Despite the strong performance and inflation near 10 percent, many economists and traders expect worries about the euro zone debt crisis and the health of the global recovery will prevent the Reserve Bank of India from raising rates before its next quarterly review scheduled for July.
Monsoon rains arrived in southern India on time on Monday, and policymakers will keep a watch on how the rainy season pans out after last summer's drought sent food prices sharply higher.
Exports, meanwhile, rose an annual 36 percent in April to $16.9 billion, the sixth consecutive rise after 13 straight months of decline, the government said, although figures were flattered by a low base effect and could take a knock if the euro zone debt crisis worsens and saps demand.
The HSBC Markit Purchasing Managers' Index (PMI), based on a survey of 500 firms, surged to a 27-month-high of 59.0 from 57.2 in April.
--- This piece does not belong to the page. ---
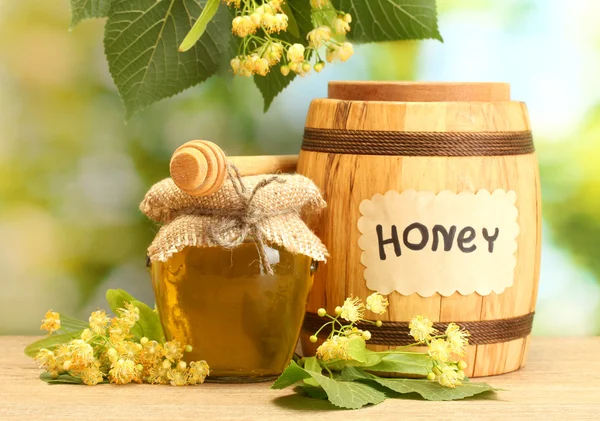 Vaso e botte con miele di tiglio e fiori su tavolo di legno su sfondo verde — Foto Stock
It was the 14th consecutive month that the indicator has been above the 50 mark that divides growth from contraction. The rate of growth had slowed in March and April.
The latest figure underlines considerable strength in the economy, which grew 8.6 percent in the March quarter, the strongest in six months, according to data released on Monday.
"The Indian economy is hardly pausing for breath," said Frederic Neumann, co-head of Asian Economics Research at HSBC.
"Output growth remains at a robust pace and new orders continue to pour in. This is benefiting the job market as more and more firms are hiring," he added.
The new orders index climbed to 63.7 in May from 61.9 in April, primarily driven by strong domestic demand, according to the PMI report. It was the 14th consecutive month when new orders expanded.
The robust growth seen by manufacturers helped push the employment index to its highest reading since August 2005, signalling modest job creation across the economy.
The latest survey also showed five-year series highs in the backlogs of work index and stocks of raw materials, boosted by strong demand from both public and private sectors.
While figures point to a sharp improvement in business conditions, resulting price pressures might be a cause for concern as Asia's third-largest economy continues to battle stubbornly high inflation.
Wholesale prices, the Reserve Bank of India's most closely watched gauge of inflation, eased slightly in April to 9.6 percent, but are not far from 10.1 percent seen in February, which was the highest since October 2008.
Latest food and fuel inflation, however, has remained in the double digits.
"Price pressures remain elevated and are of concern. However, the recent readings point to a stabilization of price pressures, with both the input and the output price indices easing back a little in May," Neumann said.